◆ **Task**
In the entries below, which lines run from the one containing "JBL Tune Flex" to the one containing "Two forks shredding"? Copy exactly those lines, ends included, and no others.

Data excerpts
+ + + +
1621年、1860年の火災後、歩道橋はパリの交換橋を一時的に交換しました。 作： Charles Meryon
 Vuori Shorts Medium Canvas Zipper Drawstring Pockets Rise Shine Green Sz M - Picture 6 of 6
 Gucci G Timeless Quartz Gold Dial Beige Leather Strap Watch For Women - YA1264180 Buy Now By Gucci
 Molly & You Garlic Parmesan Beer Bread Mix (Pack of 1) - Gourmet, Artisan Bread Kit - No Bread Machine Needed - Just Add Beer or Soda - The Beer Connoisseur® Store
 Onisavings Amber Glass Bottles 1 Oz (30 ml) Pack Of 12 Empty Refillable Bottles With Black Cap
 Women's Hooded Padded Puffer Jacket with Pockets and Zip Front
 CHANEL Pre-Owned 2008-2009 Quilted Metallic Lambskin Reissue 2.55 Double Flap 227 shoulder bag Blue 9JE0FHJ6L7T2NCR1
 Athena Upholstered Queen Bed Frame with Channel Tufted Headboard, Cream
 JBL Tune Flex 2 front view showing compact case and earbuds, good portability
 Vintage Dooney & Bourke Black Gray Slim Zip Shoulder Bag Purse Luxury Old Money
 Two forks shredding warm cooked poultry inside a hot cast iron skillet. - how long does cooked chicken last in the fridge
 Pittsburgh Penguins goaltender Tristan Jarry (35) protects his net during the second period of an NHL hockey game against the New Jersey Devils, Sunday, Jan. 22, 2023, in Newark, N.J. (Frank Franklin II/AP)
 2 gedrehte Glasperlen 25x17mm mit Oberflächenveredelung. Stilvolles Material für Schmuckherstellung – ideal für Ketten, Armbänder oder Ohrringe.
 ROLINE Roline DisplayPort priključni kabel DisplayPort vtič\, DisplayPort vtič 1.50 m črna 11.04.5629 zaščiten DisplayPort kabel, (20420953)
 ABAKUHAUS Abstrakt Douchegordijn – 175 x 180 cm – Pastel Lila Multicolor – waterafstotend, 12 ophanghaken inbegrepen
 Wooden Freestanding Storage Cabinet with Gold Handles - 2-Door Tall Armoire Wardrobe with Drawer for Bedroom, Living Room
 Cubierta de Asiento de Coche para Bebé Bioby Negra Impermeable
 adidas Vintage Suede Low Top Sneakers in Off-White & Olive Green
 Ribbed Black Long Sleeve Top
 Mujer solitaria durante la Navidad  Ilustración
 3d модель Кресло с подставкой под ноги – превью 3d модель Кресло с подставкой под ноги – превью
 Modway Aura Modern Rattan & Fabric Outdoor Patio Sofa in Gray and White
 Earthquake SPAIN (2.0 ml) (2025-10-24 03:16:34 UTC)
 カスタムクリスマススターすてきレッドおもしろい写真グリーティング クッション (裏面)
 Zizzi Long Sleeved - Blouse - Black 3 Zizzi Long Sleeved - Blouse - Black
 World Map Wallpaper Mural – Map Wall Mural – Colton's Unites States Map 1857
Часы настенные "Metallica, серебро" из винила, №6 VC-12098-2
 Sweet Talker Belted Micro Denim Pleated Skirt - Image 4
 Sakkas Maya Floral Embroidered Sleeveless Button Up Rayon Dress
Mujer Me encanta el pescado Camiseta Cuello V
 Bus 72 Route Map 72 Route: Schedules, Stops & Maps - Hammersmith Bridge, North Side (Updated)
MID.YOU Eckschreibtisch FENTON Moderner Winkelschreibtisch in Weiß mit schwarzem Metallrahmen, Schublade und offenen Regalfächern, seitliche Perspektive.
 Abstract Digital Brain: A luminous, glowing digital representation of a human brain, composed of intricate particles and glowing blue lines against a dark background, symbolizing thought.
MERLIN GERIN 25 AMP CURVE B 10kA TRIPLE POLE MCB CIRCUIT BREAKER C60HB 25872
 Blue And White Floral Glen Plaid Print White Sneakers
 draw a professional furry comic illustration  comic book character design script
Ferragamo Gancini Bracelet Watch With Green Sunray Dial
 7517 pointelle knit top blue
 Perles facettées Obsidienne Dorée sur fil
+ + + +
◆ **Written response**
 JBL Tune Flex 2 front view showing compact case and earbuds, good portability
 Vintage Dooney & Bourke Black Gray Slim Zip Shoulder Bag Purse Luxury Old Money
 Two forks shredding warm cooked poultry inside a hot cast iron skillet. - how long does cooked chicken last in the fridge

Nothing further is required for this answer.